(Data entries)
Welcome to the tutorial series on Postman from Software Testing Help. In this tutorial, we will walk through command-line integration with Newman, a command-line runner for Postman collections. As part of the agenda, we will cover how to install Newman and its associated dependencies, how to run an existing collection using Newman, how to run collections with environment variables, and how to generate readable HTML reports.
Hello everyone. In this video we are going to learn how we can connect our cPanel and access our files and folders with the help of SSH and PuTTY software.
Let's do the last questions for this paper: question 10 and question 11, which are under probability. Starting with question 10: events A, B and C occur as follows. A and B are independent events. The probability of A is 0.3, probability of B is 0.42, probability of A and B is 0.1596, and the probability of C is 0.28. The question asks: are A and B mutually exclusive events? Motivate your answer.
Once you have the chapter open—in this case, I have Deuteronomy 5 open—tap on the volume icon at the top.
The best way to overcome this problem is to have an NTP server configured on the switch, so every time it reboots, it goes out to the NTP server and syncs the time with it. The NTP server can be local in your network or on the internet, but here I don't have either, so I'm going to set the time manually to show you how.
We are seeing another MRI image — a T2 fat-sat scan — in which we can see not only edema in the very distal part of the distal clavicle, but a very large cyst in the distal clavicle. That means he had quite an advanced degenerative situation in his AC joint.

## What is required
From the line containing "Let's do the" to the last line of the data above, copy each line exactly and add nothing.

## Completed exercise
Let's do the last questions for this paper: question 10 and question 11, which are under probability. Starting with question 10: events A, B and C occur as follows. A and B are independent events. The probability of A is 0.3, probability of B is 0.42, probability of A and B is 0.1596, and the probability of C is 0.28. The question asks: are A and B mutually exclusive events? Motivate your answer.
Once you have the chapter open—in this case, I have Deuteronomy 5 open—tap on the volume icon at the top.
The best way to overcome this problem is to have an NTP server configured on the switch, so every time it reboots, it goes out to the NTP server and syncs the time with it. The NTP server can be local in your network or on the internet, but here I don't have either, so I'm going to set the time manually to show you how.
We are seeing another MRI image — a T2 fat-sat scan — in which we can see not only edema in the very distal part of the distal clavicle, but a very large cyst in the distal clavicle. That means he had quite an advanced degenerative situation in his AC joint.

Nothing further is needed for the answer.